*Source records*.

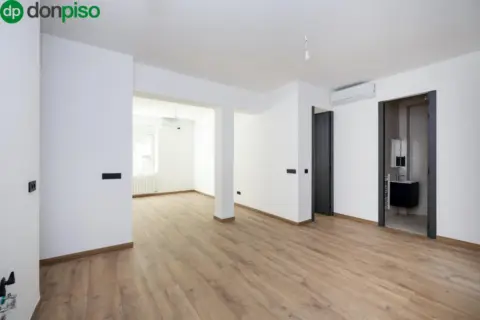 Piso en calle de San Vicente Ferrer, 13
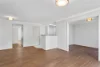 4/20 Pendal Lane, Perth, WA 6000-Image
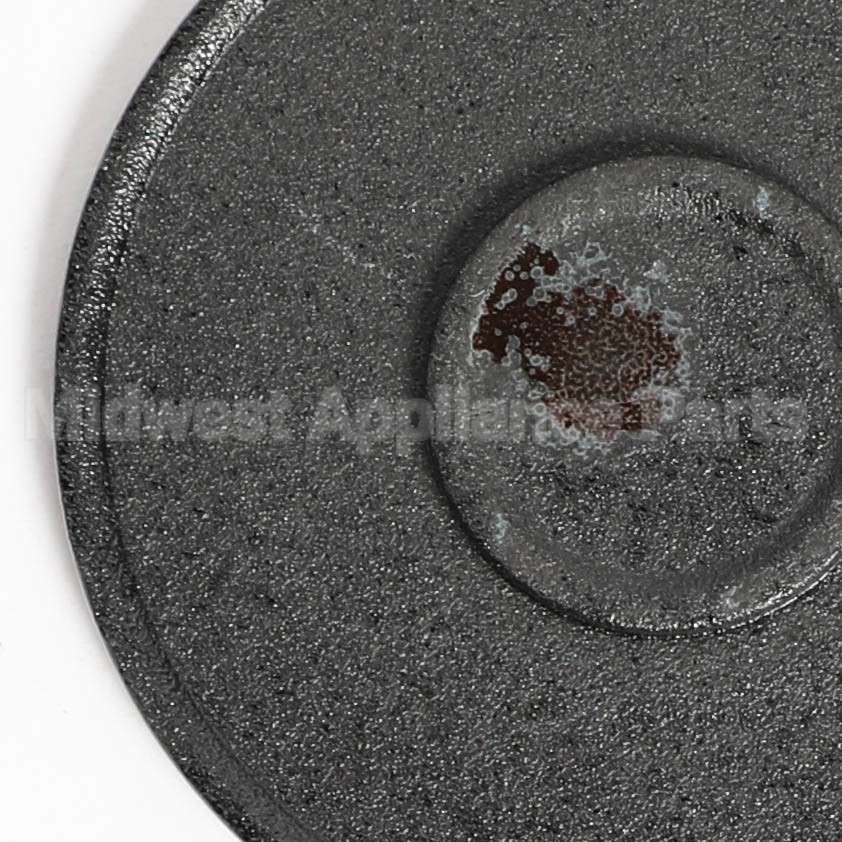W11225776 Whirlpool Cap-Burner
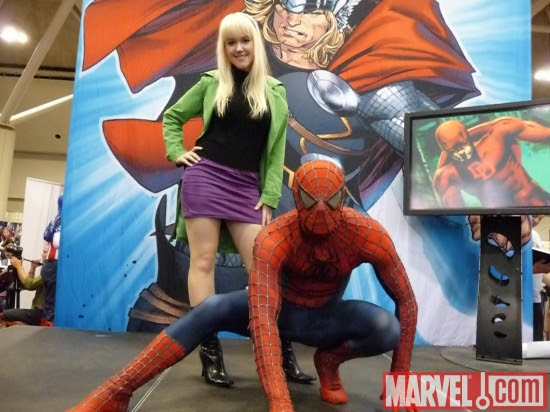 Fan Expo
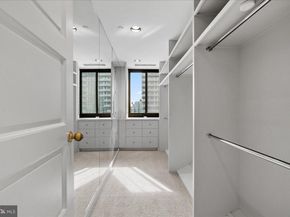 1530 Key Boulevard 1310, 1311, Arlington VA 22209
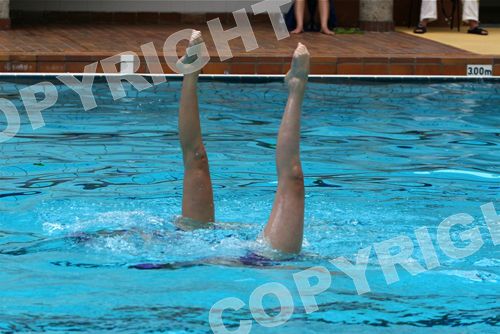IMG_2690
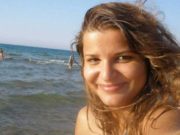Ultimele cuvinte spuse de Ana Maria, românca însărcinată ucisă în Italia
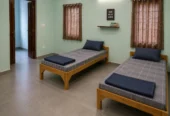 Umang Boys & Girls Hostel in Boring Road, Patna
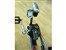 TerraTrike Accessory Mount for Rover-Voltaire Cycles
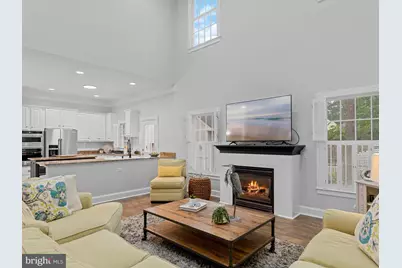 1210 Carrollton Lane, Berlin, MD 21811 - Photo 11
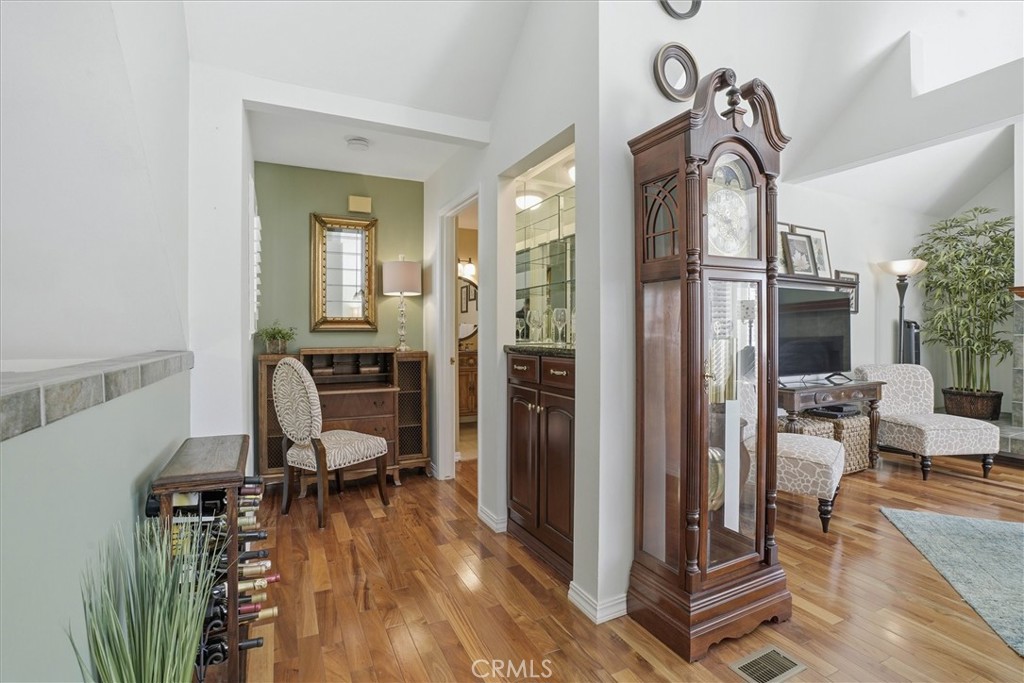 777 Chorro St #1, San Luis Obispo, CA 93401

*What you are asked to do*. Print out the whole listing word for word. Leave the pictures out.

*Result below*.
 Piso en calle de San Vicente Ferrer, 13
 4/20 Pendal Lane, Perth, WA 6000-Image
W11225776 Whirlpool Cap-Burner
 Fan Expo
 1530 Key Boulevard 1310, 1311, Arlington VA 22209
IMG_2690
Ultimele cuvinte spuse de Ana Maria, românca însărcinată ucisă în Italia
 Umang Boys & Girls Hostel in Boring Road, Patna
 TerraTrike Accessory Mount for Rover-Voltaire Cycles
 1210 Carrollton Lane, Berlin, MD 21811 - Photo 11
 777 Chorro St #1, San Luis Obispo, CA 93401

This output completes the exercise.